The Beautiful Dark

Matthew Patton is half in love with uneaseful death. The Winnipeg composer and curator of the Winnipeg Symphony Orchestra New Music Festival’s recent CD/vinyl release from Constellation Records is an audial and musical journey into the art of darkness. Called The Infected Mass, it utilizes the form of a mediaeval Requiem Mass to combine field recordings with string instruments and voice, a combination that he characterizes as “brutal audio alternating with string sections.” When Patton talks about his album, he uses language that tips towards the dark side. The title sets a tone that is amplified by words like degradation, pathology and decay. “For me, it is almost as if the music has been buried for a few hundred years and has recently been discovered. The different impurities and how things become contaminated are very moving to me. I’m drawn to things that are stressed and broken and fragile in profound ways. I’ll actually write everything out and then I’ll go to work disfiguring it, trying to find out how to degrade it beautifully.”

Patton admits the subject of the album is highly personal (his brother was killed in a plane crash). But he insists the experience of making the music has had no cathartic effect. For him, the process that produced the album was an organic one in which “the piece will begin to tell you things and you have to listen and reciprocate.” When we listen to the seven sections of his Mass, we encounter sounds that make us aware of pervasive grief, a kind of sonic haunting. The opening section, “Before the Beginning,” is dominated by a viscerally intense rushing noise, as if King Lear had been lifted from his heath and transported to a dangerous, wind-battered aerie.

All images from insert booklet for The Infected Mass, 2017, from the project, “Those Who Walk Away.” Constellation Records. Artwork by Michael Dumontier and Neil Farber. Images courtesy Constellation Records.

The source is actually a jet turbine, but any single sound becomes infected by others: with ambient noise from the Elmwood Cemetery in Winnipeg, with walkie-talkie voices and footsteps digitally recorded in the Rothko Room at the Tate Modern in Britain, with the sound of blood moving through the body and with the sound of women humming. “It is one of my great obsessions,” Patton says. “Humming is a foundational element.” You also hear actual air-traffic recordings during which controllers and pilots talk about catastrophes in voices that have little or no inflection. Their lack of emotion is staggering.
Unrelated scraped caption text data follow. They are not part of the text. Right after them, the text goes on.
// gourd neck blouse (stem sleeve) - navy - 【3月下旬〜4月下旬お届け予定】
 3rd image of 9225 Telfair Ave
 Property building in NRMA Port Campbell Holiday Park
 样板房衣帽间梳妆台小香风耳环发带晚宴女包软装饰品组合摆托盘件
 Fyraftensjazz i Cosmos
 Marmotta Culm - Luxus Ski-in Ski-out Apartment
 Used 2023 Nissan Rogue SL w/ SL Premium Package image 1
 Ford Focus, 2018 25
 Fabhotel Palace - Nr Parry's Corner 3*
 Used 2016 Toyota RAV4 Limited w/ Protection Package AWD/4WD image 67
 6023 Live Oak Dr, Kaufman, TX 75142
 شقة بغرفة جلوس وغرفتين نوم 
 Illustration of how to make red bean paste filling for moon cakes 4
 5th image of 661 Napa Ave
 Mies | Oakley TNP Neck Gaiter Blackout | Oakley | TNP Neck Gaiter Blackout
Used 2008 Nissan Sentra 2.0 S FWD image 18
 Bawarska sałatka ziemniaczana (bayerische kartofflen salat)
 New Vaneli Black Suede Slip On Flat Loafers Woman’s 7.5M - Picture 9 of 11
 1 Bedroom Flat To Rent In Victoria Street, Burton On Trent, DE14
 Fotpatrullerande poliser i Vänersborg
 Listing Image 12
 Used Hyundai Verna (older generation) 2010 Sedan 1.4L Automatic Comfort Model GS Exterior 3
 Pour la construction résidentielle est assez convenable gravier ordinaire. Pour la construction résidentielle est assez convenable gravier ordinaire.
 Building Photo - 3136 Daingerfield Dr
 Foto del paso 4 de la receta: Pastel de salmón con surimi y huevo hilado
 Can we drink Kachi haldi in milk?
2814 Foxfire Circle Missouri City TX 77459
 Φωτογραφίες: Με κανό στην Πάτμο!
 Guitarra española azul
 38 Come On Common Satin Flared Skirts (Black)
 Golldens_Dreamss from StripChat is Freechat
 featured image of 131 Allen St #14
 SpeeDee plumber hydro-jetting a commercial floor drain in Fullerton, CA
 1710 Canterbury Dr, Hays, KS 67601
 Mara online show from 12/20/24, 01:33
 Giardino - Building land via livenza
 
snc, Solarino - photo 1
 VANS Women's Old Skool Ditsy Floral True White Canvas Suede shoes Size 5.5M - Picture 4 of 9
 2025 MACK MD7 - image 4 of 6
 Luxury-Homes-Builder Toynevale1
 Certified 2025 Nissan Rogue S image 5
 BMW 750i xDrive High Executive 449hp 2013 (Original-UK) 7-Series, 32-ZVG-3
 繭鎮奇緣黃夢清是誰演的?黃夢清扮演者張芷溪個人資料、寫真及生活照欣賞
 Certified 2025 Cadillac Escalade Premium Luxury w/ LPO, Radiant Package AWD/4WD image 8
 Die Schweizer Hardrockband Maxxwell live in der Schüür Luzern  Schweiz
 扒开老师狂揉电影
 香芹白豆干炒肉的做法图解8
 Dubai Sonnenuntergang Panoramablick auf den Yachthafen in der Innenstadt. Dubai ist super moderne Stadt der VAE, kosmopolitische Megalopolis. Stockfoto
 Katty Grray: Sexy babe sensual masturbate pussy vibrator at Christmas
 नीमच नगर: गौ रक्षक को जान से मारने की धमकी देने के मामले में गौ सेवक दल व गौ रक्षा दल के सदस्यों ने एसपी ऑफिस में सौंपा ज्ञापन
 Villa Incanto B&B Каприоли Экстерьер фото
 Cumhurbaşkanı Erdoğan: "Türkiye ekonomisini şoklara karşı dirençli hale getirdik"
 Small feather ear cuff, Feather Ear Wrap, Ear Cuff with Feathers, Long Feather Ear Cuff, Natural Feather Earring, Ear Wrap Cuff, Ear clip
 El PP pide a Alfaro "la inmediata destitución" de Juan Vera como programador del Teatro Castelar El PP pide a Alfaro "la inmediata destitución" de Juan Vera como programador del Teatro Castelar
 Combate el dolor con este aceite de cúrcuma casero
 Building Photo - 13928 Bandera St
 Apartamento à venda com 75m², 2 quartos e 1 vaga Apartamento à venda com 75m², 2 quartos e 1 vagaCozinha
The reason why the CD and the vinyl versions of The Infected Mass look as good as they do is because the images were provided by Michael Dumontier and Neil Farber, two members of Winnipeg’s Royal Art Lodge. Patton had been a long admirer of their work, and from the beginning of the project he wanted them involved in the album’s visual realization. Both artists are also audiophiles so they were particularly sensitive to the kind of images that would support the music and the album design, and not overtake it. For a year the three of them listened to music with the design of the record in mind. Farber says that by the time the album was finished, they all realized the paintings “were just the wrong mood” and that photography was a more likely medium to complement the score. Farber and Dumontier began assembling images. Dumontier says, “We were cutting out bits of images and laying them on Neil’s paintings and then shaking the cell phone while photographing them.” Farber adds, “I think blurry was the main idea.” The small airplane that becomes the main motif of the booklet design, appearing seven times over 12 pages in progressively out-of-focus variations, was a piece of collage that was lying about and hadn’t been used in a painting. “The way that Michael and I work is to simplify everything and the simplest version was the plane. Nothing felt right until we decided to put that single plane on a black background.”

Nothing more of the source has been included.